Aus diesem Grund darf eine solche Aussage nicht unbeantwortet bleiben. Politische Führung bedeutet Verantwortung – auch sprachliche Verantwortung! Der Landesintegrationsrat fordert daher eine klare öffentliche Entschuldigung des Bundeskanzlers.
„Rund dreißig Prozent der Bevölkerung in Deutschland hat eine internationale Familiengeschichte. Diese Menschen gestalten Wirtschaft, Kultur, Wissenschaft, Pflege, Bildung, Verwaltung und Politik. Viele sind hier geboren oder seit Jahrzehnten Teil dieser Gesellschaft. Ihre Lebensleistung wird entwertet, wenn Zugehörigkeit über Hautfarbe oder Herkunft definiert wird“, so der Vorsitzende des Landesintegrationsrates NRW Tayfun Keltek.
Schon im Jahr 1999 stellte die ‚Unabhängige Kommission Zuwanderung‘ fest, dass es sich bei Deutschland aus der damals aktuellen und historischen Perspektive um ein Migrationsland handelt. Bis heute sind die realen Gegebenheiten moderner Migrationsgesellschaft jedoch nicht ausreichend in den öffentlichen Debatten wiederzufinden: sie ist heterogen, dynamisch und von Mobilität und Globalisierung geprägt. Seit vielen Jahrzehnten ist die Vielfalt von Sprachen, Religionen und kulturellen Bezügen gesellschaftliche Normalität.

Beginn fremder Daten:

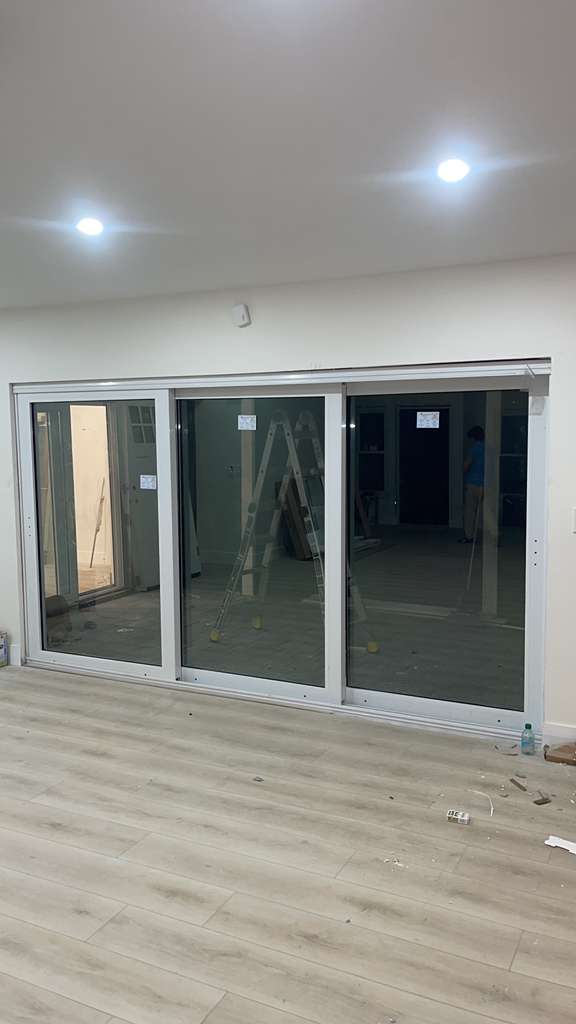 White three-panel sliding glass door replacement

Stattdessen wird Migration noch immer eher als Störfaktor im System betrachtet, denn als Normalzustand. Dass unsere Gesellschaft maßgeblich von verschiedensten Einwanderungsdynamiken geprägt wurde, ist im Vergleich zu anderen Migrationsgesellschaften noch nicht in der Vorstellung von nationaler Identität verankert. Die Idee, dass sich Deutschsein über „ethnische Zugehörigkeit“ definiert, wurde im Nationalsozialismus stark verfestigt. Diese historische Idee wirkt bis heute nach, wenn über Deutschsein und Integration debattiert wird. Die Aussage des Bundeskanzlers ist bestes Beispiel dafür, dass dies dringend öffentlich aufgearbeitet werden muss. Eine verantwortungsvolle Regierungspolitik benennt Migration als integralen Bestandteil der Gesellschaft und schützt die Zugehörigkeit all jener, die hier leben.